The curriculum is being developed by the WCIO thought leaders from around the world—US, Europe, South America, Asia and the Middle East. “We have a curriculum committee currently run by Robert Lewandowski, Chicago, USA, Alban Denys, Lausanne, Switzerland and Robert Suh, Los Angeles, USA, who are refining the programme. Our first IO University module is already available online at no charge on the IO Central website (IO-central.org). We have an extensive set of expert volunteers producing the content for each area, disease state, treatment modality and palliative care. The France Foundation will then take the content and produce the seminars, webinars, modules and videos. This will be a three-year project, and will be expensive, so we are looking to industry and other foundations to support it. I am very excited that Guerbet Group and Guerbet LLC have jointly agreed to provide a three-year grant supporting this endeavour,” Soulen said
“Clearly there is an understanding that we will have to layer on practical training as well. There will probably be hands-on training in selected centres around the USA and we are working out how to certify people and procedures,” Soulen noted.
Resource for future trainees
“This endeavour is particularly timely given the new interventional radiology residency in the USA,” Soulen said. “As training programmes transition to the new format over the next several years, we have the opportunity to develop multi-year curricula in vascular and non-vascular diseases and cancer which can become integral parts of a five-year residency.
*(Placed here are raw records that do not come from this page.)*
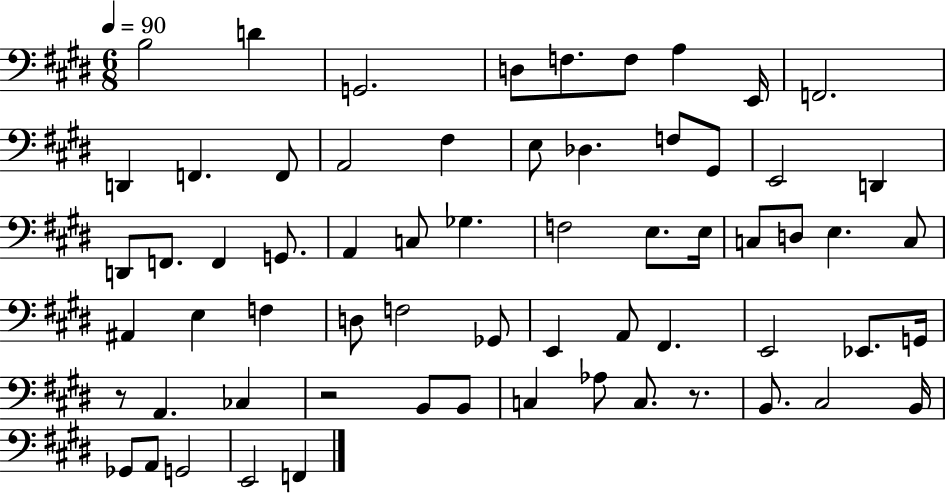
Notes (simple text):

B3/h D4/q G2/h. D3/e F3/e. F3/e A3/q E2/s F2/h. D2/q F2/q. F2/e A2/h F#3/q E3/e Db3/q. F3/e G#2/e E2/h D2/q D2/e F2/e. F2/q G2/e. A2/q C3/e Gb3/q. F3/h E3/e. E3/s C3/e D3/e E3/q. C3/e A#2/q E3/q F3/q D3/e F3/h Gb2/e E2/q A2/e F#2/q. E2/h Eb2/e. G2/s R/e A2/q. CES3/q R/h B2/e B2/e C3/q Ab3/e C3/e. R/e. B2/e. C#3/h B2/s Gb2/e A2/e G2/h E2/h F2/q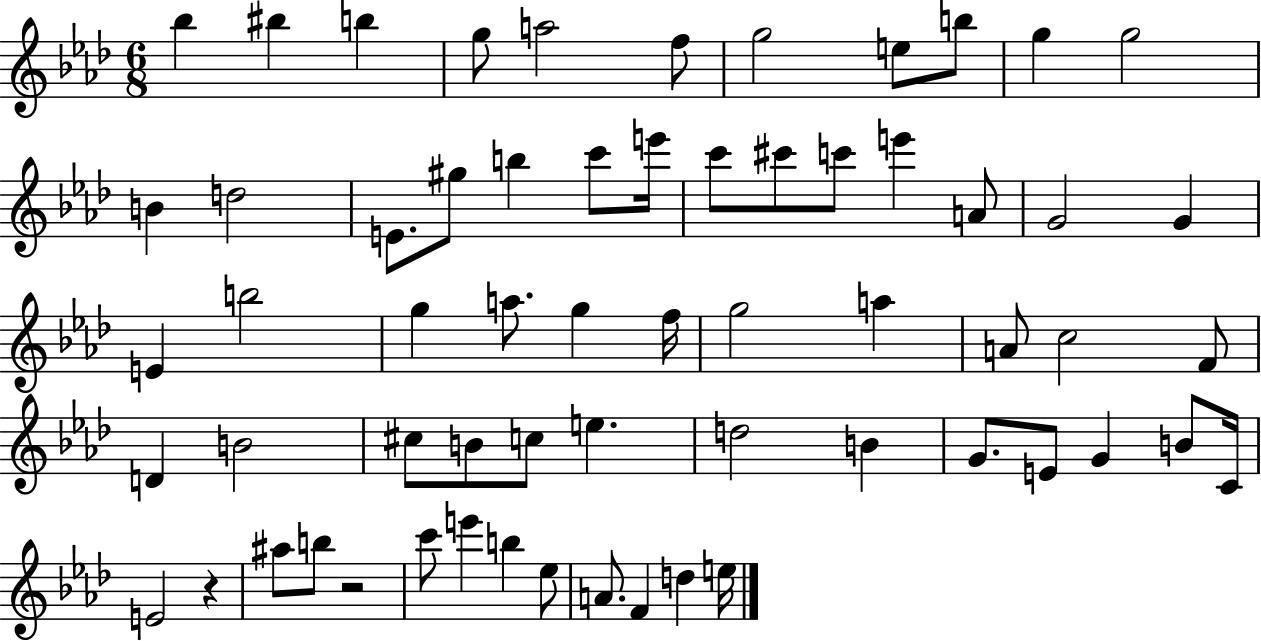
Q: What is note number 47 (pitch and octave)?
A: G4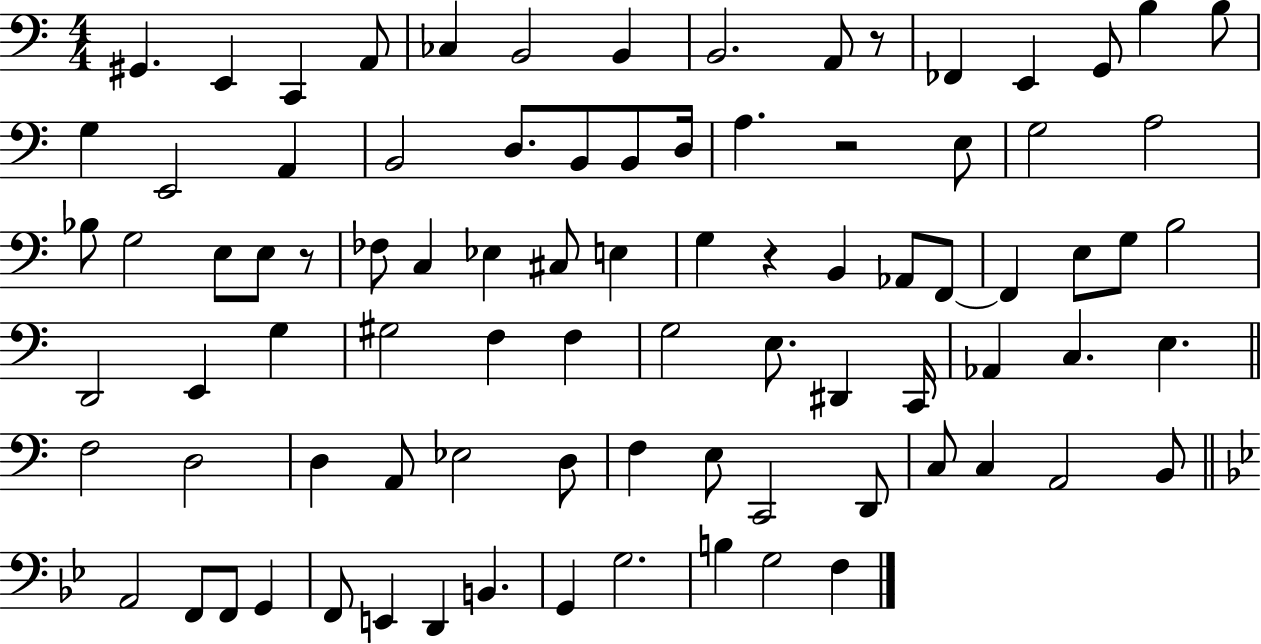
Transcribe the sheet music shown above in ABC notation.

X:1
T:Untitled
M:4/4
L:1/4
K:C
^G,, E,, C,, A,,/2 _C, B,,2 B,, B,,2 A,,/2 z/2 _F,, E,, G,,/2 B, B,/2 G, E,,2 A,, B,,2 D,/2 B,,/2 B,,/2 D,/4 A, z2 E,/2 G,2 A,2 _B,/2 G,2 E,/2 E,/2 z/2 _F,/2 C, _E, ^C,/2 E, G, z B,, _A,,/2 F,,/2 F,, E,/2 G,/2 B,2 D,,2 E,, G, ^G,2 F, F, G,2 E,/2 ^D,, C,,/4 _A,, C, E, F,2 D,2 D, A,,/2 _E,2 D,/2 F, E,/2 C,,2 D,,/2 C,/2 C, A,,2 B,,/2 A,,2 F,,/2 F,,/2 G,, F,,/2 E,, D,, B,, G,, G,2 B, G,2 F,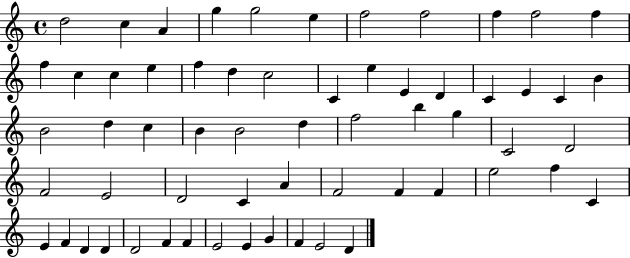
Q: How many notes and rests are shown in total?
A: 61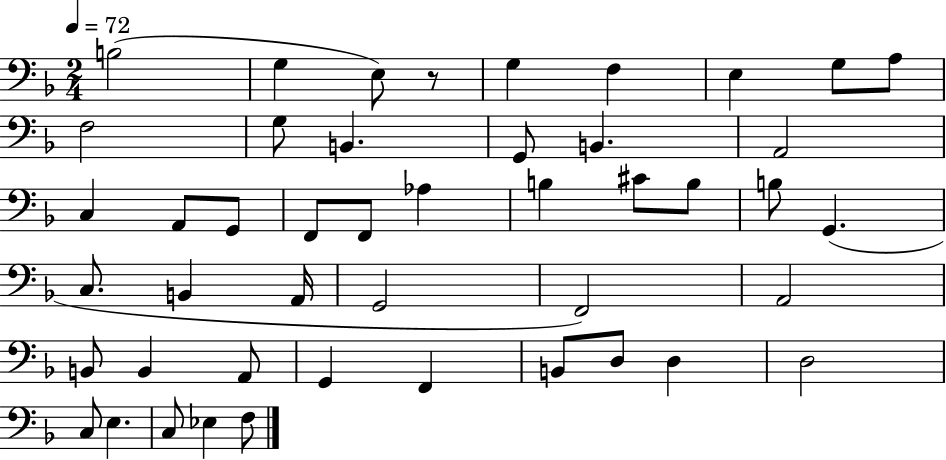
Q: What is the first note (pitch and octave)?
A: B3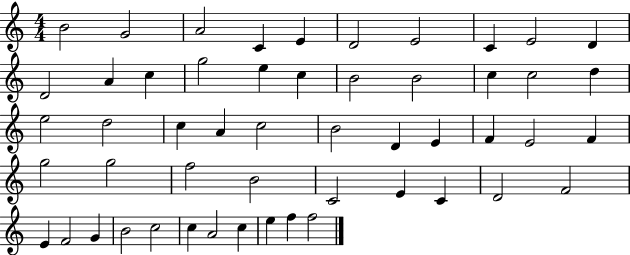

The IO University programme will enable every interventional radiology residency to offer comprehensive interventional oncology education without having to re-invent the wheel. I am hopeful about the possibility of working with the Society of Interventional Radiology (SIR) and SIR Foundation to leverage this product into a building block of the new interventional radiology residency to ensure that cancer patients have a continuous supply of well-trained and educated interventional oncology specialists.”
“Practitioners of interventional oncology, the fastest-growing segment within interventional radiology, have frequently told us that they would benefit from some form of recognition of having undergone interventional oncology training as it would help with credibility in multidisciplinary tumour boards,” he continued. Those who follow the proposed WCIO curriculum will learn each module, take a test and can get CME credit for passing the test. “When the entire curriculum is completed, which will cover about 200 hours of learning, interventional oncologists will receive a certificate from the WCIO that you can take to a tumour board to confirm a knowledge of oncology,” Soulen said.
However, subspecialty certification in interventional oncology is a futuristic concept. It is important to remember that interventional oncology is part of interventional radiology, not a separate entity; it is a clinical discipline with a very specific knowledge and skill set that is needed to be able to treat cancer patients. People need to have access to that. Interventional oncology is an interventional radiology discipline for which we need a body of knowledge and education that does not exist in the current paradigm and the goal is to offer that training and a certificate to qualified physicians. This has nothing to do with credentialing or board certification, it is about the patients. We are not trying to create a new specialty, we are trying to create patient access to the wonderful care interventional oncology has to offer.” Soulen concluded.